Instructions to follow —
Provide the number of lines of the records that include "Casual", with no other content.

Source data:
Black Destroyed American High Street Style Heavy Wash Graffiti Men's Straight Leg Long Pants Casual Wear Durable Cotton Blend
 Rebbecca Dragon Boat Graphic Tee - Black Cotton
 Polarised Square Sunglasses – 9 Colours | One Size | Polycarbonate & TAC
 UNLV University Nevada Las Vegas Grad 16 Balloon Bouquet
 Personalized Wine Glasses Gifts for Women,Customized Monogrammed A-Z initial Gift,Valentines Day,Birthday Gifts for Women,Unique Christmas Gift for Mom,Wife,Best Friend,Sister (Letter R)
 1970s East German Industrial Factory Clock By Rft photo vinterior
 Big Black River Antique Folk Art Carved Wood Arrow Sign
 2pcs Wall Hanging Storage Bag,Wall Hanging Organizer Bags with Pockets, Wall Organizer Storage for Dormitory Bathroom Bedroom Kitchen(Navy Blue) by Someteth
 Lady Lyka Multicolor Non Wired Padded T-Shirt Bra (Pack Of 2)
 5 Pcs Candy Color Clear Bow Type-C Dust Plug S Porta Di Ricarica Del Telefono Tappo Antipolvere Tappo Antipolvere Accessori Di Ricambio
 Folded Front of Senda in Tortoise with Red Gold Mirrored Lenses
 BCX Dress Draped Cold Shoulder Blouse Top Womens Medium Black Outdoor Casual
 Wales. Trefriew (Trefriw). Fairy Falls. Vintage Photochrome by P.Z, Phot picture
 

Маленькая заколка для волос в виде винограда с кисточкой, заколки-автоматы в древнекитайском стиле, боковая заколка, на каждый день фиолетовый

Result for this exercise —
2